Oh, smooth, very smooth, he told himself. Rule number one, whenever you can't think of the right thing to say, just start spouting scientific data. That should warm the heart of any woman.

Celia nodded—he couldn't tell whether it was from pity or politeness—and took her racket back. She apologized to Matt again, who must have heard her this time, because he at least had the courtesy to say, “Oh, forget it.”

At that point Kimberly let go of Matt long enough to issue an invitation for Celia to join them for Thanksgiving dinner, to which she replied with a hasty no, thank you, she was leaving for Georgia the next day around six to visit her aunt and uncle, which was a little over four hours away, which would get her there by ten-thirty or so if she didn't stop, which she didn't plan to. She had to be rattled, Bruce thought, to give out such a wealth of information.
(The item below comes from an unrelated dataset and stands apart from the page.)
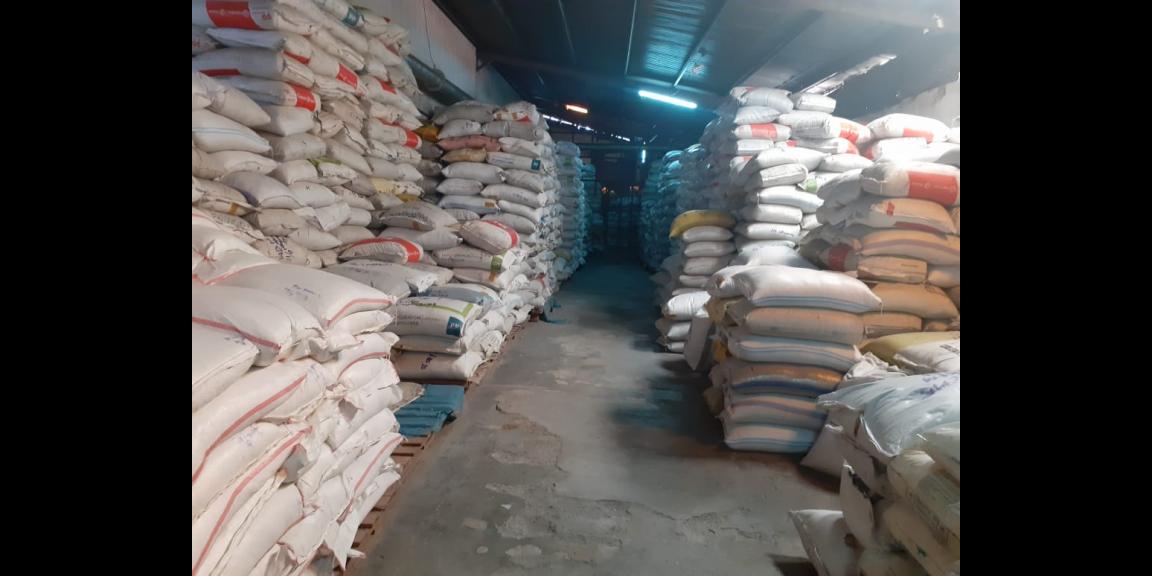 Dijual Gudang Nol Jalan Raya Mastrip Karangpilang Dijual Gudang Nol Jalan Raya Mastrip Karangpilang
Bruce walked back to her car with her, noting that Patsy Stewart hadn't moved. Put a beacon on that woman's forehead and she could be a lighthouse. Bruce gave her a friendly wave of dismissal and called out, “Everything's fine—just a minor misunderstanding. No need to call out the National Guard.”

He thanked Celia again for what she had done, asking her if she needed any help checking her oil or anything before her trip, then backing off immediately when she said no, she'd had that done by her mechanic on Monday along with several other things.

He stood in the driveway as she zipped her racket back into her case, which was in the trunk of her car. It was getting darker now, and he thought he smelled rain. “You planning to play tennis with your aunt while you're in Georgia?” he asked, and she had answered without turning around.